- _Exercise objective_: Every record, apart from its pictures, should be repeated exactly.
[Start of section]
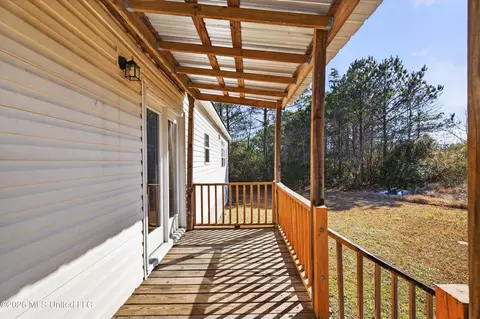 Exterior - 62 John Ramsey Rd, Wiggins, MS 39577 photo 2 of 10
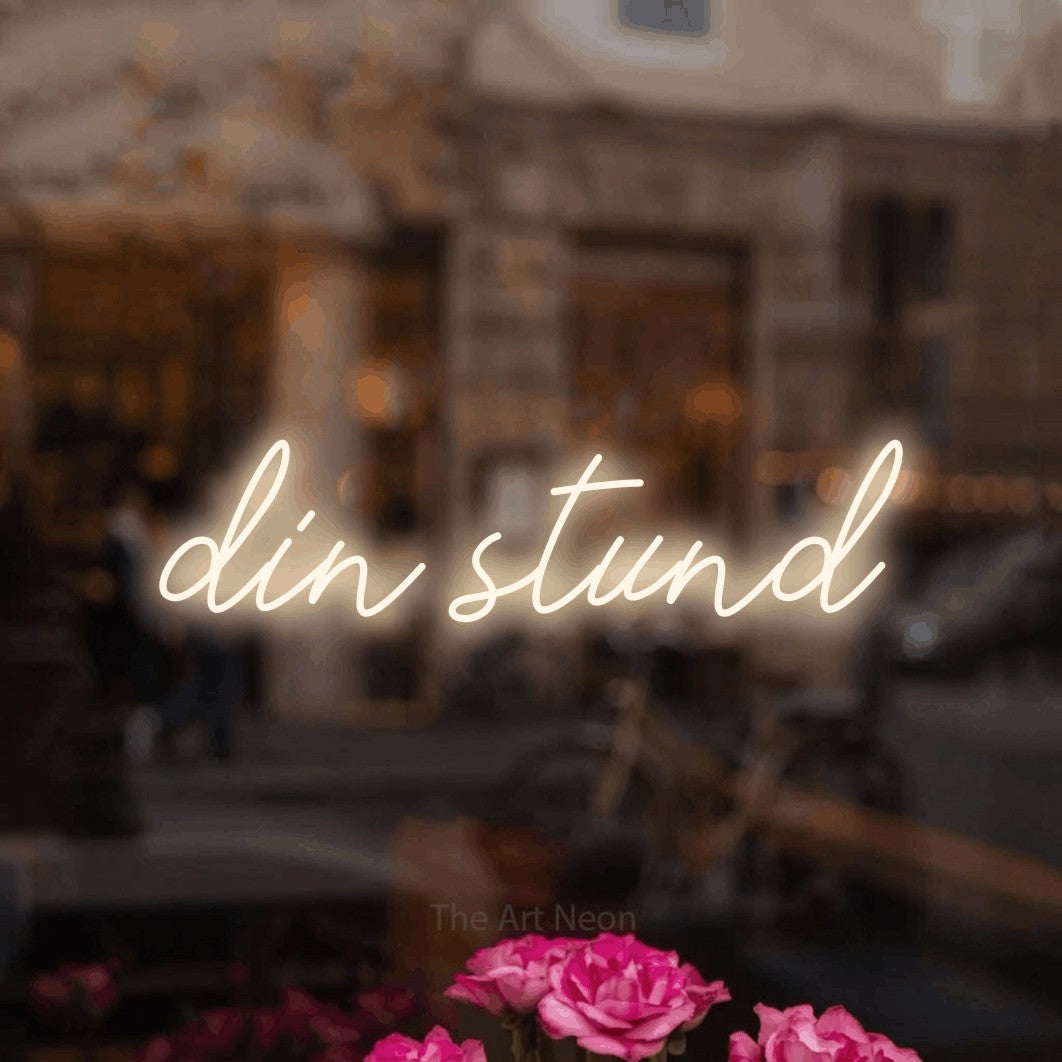 LED neon sign reading “din stund”, arranged in a single line.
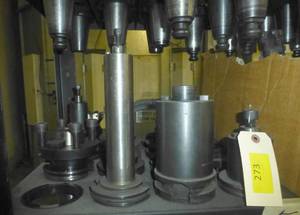 Fourteen CAT50 tool holders, chuck collets, tooling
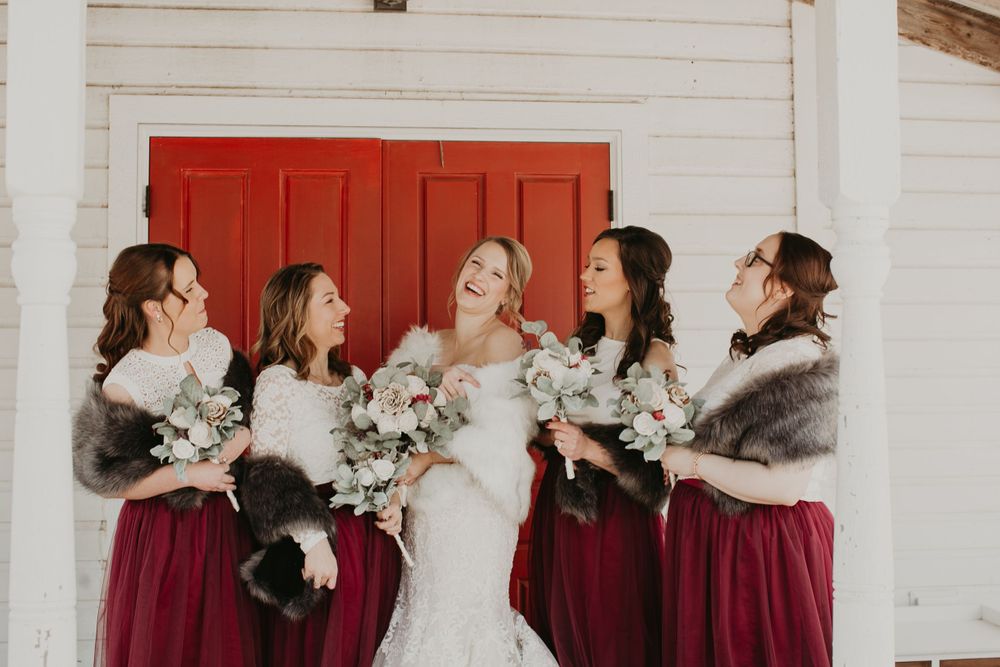 Laughing bride and bridesmaids in burgundy dresses with fur stoles hold bouquets before a red door.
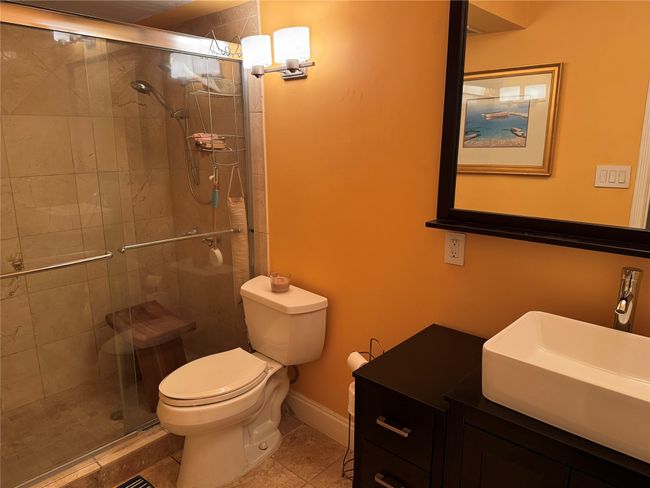 Bathroom with vanity, a stall shower, and tile patterned flooring | Image 13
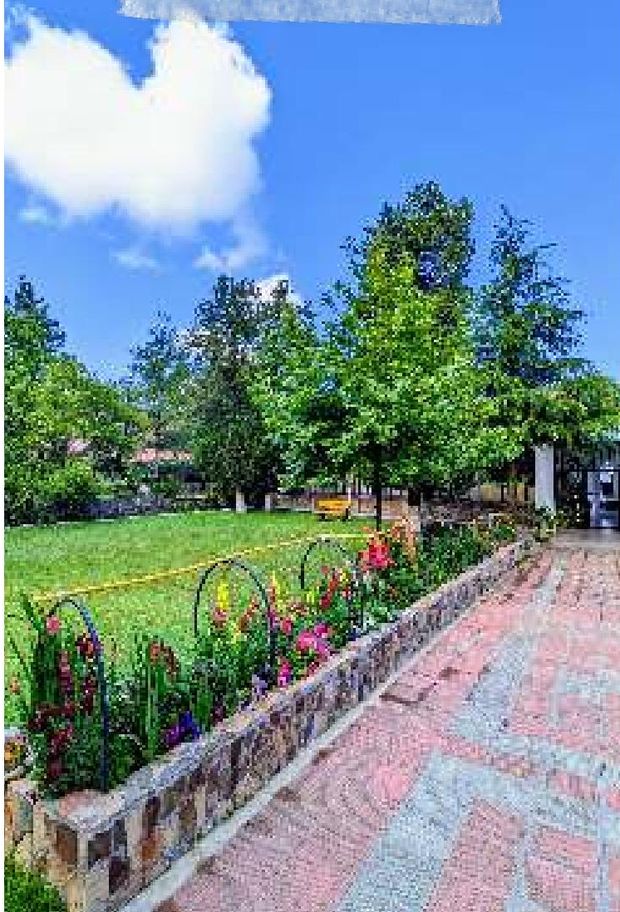 The lawns and brick walkways in high summer. — Lawrence College Ghora Gali
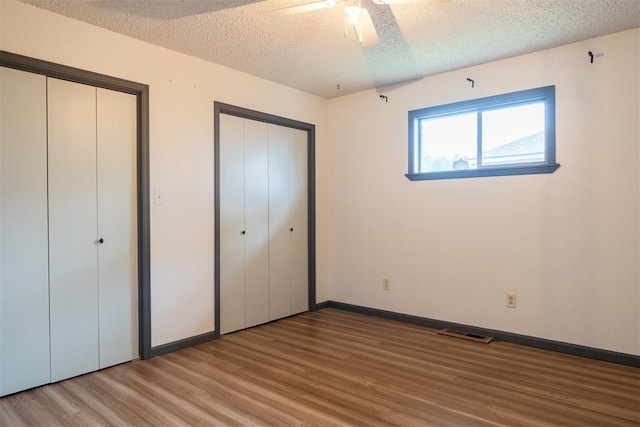 515 W Tennessee Ave, Pauls Valley, OK 73075 - unfurnished bedroom featuring wood finished floors, two closets, a textured ceiling, baseboards, and ceiling fan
[End of section]
- _Written solution_:
 Exterior - 62 John Ramsey Rd, Wiggins, MS 39577 photo 2 of 10
 LED neon sign reading “din stund”, arranged in a single line.
 Fourteen CAT50 tool holders, chuck collets, tooling
 Laughing bride and bridesmaids in burgundy dresses with fur stoles hold bouquets before a red door.
 Bathroom with vanity, a stall shower, and tile patterned flooring | Image 13
 The lawns and brick walkways in high summer. — Lawrence College Ghora Gali
 515 W Tennessee Ave, Pauls Valley, OK 73075 - unfurnished bedroom featuring wood finished floors, two closets, a textured ceiling, baseboards, and ceiling fan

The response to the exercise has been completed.